▶ Instructions to follow
Provide again, from the entries below, every line from the one containing "L/S Polo Shirt Blue Grey" through the one containing "child proof cap", exactly as written, and no other line.

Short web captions
========

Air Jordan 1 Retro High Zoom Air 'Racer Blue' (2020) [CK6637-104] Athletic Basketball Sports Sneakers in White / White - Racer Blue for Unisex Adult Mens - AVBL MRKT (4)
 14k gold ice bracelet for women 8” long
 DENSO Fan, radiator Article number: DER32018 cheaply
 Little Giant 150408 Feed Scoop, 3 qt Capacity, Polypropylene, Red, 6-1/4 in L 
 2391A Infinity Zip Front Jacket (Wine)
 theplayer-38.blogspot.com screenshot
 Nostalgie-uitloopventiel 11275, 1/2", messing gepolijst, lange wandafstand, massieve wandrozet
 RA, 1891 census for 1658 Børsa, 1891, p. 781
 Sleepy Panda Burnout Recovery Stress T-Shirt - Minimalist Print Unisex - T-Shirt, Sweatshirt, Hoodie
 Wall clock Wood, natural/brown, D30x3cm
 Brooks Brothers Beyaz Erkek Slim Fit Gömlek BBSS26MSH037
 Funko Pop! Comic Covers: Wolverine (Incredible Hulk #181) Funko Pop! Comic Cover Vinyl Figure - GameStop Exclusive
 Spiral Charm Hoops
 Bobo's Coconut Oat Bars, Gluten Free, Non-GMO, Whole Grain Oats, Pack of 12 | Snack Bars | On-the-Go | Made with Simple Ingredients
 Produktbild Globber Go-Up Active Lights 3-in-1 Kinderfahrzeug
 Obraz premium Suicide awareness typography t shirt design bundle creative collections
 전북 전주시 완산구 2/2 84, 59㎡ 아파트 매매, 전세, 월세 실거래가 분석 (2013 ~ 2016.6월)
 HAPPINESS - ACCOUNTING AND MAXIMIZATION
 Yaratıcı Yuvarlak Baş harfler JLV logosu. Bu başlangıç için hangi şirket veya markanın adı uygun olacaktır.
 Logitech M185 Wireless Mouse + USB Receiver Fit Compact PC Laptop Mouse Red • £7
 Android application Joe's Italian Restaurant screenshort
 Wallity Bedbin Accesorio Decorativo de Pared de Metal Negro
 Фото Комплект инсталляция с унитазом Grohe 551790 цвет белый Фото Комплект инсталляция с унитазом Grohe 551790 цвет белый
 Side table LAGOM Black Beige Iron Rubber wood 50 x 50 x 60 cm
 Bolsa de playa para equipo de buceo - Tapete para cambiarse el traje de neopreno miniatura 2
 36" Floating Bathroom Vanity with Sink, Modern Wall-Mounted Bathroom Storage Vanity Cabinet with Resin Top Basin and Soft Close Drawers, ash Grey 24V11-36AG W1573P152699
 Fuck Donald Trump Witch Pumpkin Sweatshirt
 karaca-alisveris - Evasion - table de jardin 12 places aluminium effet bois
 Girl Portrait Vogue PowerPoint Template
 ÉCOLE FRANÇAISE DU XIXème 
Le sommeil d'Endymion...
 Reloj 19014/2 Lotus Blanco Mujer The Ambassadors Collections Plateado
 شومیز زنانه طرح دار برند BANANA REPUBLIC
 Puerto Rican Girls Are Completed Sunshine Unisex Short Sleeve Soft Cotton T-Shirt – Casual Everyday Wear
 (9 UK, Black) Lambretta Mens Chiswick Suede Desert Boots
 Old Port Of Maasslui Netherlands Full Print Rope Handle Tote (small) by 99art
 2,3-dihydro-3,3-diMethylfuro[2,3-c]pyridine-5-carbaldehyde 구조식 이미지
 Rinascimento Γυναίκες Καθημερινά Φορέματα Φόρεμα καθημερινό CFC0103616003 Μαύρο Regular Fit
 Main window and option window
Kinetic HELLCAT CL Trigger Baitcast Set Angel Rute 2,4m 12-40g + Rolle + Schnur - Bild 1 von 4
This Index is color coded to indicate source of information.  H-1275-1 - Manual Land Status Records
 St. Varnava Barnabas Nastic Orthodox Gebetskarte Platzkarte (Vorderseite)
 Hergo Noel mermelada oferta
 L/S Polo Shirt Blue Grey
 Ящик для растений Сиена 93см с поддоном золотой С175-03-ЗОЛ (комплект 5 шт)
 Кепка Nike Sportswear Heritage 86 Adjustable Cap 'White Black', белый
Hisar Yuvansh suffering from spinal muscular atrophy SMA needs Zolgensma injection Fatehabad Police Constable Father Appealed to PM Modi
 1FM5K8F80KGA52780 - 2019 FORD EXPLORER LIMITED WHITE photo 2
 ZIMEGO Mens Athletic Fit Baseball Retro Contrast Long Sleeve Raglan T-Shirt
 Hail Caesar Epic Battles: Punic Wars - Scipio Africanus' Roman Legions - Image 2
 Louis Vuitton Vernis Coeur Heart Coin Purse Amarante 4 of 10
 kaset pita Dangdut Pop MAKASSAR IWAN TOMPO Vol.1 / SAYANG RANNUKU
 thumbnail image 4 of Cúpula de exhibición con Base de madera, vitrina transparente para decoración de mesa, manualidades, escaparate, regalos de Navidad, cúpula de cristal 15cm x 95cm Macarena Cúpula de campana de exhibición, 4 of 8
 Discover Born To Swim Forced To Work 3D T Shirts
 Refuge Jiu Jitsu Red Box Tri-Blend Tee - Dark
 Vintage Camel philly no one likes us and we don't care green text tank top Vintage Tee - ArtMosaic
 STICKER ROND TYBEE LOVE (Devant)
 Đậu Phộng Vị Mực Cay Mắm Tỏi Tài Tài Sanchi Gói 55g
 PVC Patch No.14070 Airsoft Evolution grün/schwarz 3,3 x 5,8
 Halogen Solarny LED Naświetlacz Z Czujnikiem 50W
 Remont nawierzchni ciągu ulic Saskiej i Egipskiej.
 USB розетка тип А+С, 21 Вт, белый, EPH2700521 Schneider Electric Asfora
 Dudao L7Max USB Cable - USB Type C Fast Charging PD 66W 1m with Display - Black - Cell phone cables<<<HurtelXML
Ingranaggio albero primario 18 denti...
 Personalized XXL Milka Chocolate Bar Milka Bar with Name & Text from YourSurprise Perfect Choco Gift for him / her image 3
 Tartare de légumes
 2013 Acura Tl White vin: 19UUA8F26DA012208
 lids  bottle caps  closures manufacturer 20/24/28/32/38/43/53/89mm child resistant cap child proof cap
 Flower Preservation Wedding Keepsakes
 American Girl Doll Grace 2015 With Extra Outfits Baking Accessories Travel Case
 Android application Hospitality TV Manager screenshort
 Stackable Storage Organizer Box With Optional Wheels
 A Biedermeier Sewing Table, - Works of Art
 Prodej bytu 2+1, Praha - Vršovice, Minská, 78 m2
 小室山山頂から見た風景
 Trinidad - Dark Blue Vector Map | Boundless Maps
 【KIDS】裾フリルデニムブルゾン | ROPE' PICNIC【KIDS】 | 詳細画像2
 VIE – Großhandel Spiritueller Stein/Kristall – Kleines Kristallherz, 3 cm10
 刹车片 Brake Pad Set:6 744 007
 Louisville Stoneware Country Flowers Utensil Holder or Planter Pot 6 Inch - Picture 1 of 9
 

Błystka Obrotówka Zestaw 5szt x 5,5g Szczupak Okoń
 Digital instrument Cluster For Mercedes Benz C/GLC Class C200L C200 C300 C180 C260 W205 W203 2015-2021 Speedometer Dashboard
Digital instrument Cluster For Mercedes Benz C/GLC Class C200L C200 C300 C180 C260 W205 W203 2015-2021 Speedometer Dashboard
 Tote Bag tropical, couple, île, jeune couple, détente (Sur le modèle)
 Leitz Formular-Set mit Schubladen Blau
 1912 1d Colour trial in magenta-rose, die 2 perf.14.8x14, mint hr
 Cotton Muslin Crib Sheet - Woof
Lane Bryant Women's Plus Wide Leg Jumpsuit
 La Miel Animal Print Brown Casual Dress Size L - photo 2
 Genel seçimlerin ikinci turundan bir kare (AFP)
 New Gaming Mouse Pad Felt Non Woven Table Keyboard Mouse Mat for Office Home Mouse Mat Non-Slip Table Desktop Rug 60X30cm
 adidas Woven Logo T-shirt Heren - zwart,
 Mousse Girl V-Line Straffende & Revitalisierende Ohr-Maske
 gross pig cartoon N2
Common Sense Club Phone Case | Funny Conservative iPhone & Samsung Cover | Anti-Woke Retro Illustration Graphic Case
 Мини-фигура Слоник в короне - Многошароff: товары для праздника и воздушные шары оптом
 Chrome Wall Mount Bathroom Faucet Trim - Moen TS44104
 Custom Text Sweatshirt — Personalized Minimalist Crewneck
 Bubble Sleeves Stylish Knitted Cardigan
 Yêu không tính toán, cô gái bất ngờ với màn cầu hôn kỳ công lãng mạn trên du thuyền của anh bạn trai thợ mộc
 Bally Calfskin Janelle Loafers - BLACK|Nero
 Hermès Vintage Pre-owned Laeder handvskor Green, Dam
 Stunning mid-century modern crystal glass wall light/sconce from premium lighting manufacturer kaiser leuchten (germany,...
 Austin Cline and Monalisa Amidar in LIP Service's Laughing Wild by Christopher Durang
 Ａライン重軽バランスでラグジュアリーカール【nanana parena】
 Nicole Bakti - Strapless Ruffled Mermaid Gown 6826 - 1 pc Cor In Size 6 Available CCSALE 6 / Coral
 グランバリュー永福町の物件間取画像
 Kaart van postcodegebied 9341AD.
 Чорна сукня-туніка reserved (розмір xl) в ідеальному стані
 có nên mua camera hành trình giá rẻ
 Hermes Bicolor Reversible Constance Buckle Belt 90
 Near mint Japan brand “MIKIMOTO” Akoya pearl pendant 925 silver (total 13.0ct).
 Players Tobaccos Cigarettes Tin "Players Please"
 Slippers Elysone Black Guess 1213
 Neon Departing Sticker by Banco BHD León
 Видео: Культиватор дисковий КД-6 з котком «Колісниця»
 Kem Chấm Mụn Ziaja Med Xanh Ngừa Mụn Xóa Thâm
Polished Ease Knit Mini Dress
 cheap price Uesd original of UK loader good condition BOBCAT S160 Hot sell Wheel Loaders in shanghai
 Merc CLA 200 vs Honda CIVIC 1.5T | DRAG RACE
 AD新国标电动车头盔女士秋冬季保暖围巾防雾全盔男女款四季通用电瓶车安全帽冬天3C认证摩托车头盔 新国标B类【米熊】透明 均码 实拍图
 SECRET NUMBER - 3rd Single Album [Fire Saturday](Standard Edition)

========

▶ Result of this exercise
 L/S Polo Shirt Blue Grey
 Ящик для растений Сиена 93см с поддоном золотой С175-03-ЗОЛ (комплект 5 шт)
 Кепка Nike Sportswear Heritage 86 Adjustable Cap 'White Black', белый
Hisar Yuvansh suffering from spinal muscular atrophy SMA needs Zolgensma injection Fatehabad Police Constable Father Appealed to PM Modi
 1FM5K8F80KGA52780 - 2019 FORD EXPLORER LIMITED WHITE photo 2
 ZIMEGO Mens Athletic Fit Baseball Retro Contrast Long Sleeve Raglan T-Shirt
 Hail Caesar Epic Battles: Punic Wars - Scipio Africanus' Roman Legions - Image 2
 Louis Vuitton Vernis Coeur Heart Coin Purse Amarante 4 of 10
 kaset pita Dangdut Pop MAKASSAR IWAN TOMPO Vol.1 / SAYANG RANNUKU
 thumbnail image 4 of Cúpula de exhibición con Base de madera, vitrina transparente para decoración de mesa, manualidades, escaparate, regalos de Navidad, cúpula de cristal 15cm x 95cm Macarena Cúpula de campana de exhibición, 4 of 8
 Discover Born To Swim Forced To Work 3D T Shirts
 Refuge Jiu Jitsu Red Box Tri-Blend Tee - Dark
 Vintage Camel philly no one likes us and we don't care green text tank top Vintage Tee - ArtMosaic
 STICKER ROND TYBEE LOVE (Devant)
 Đậu Phộng Vị Mực Cay Mắm Tỏi Tài Tài Sanchi Gói 55g
 PVC Patch No.14070 Airsoft Evolution grün/schwarz 3,3 x 5,8
 Halogen Solarny LED Naświetlacz Z Czujnikiem 50W
 Remont nawierzchni ciągu ulic Saskiej i Egipskiej.
 USB розетка тип А+С, 21 Вт, белый, EPH2700521 Schneider Electric Asfora
 Dudao L7Max USB Cable - USB Type C Fast Charging PD 66W 1m with Display - Black - Cell phone cables<<<HurtelXML
Ingranaggio albero primario 18 denti...
 Personalized XXL Milka Chocolate Bar Milka Bar with Name & Text from YourSurprise Perfect Choco Gift for him / her image 3
 Tartare de légumes
 2013 Acura Tl White vin: 19UUA8F26DA012208
 lids  bottle caps  closures manufacturer 20/24/28/32/38/43/53/89mm child resistant cap child proof cap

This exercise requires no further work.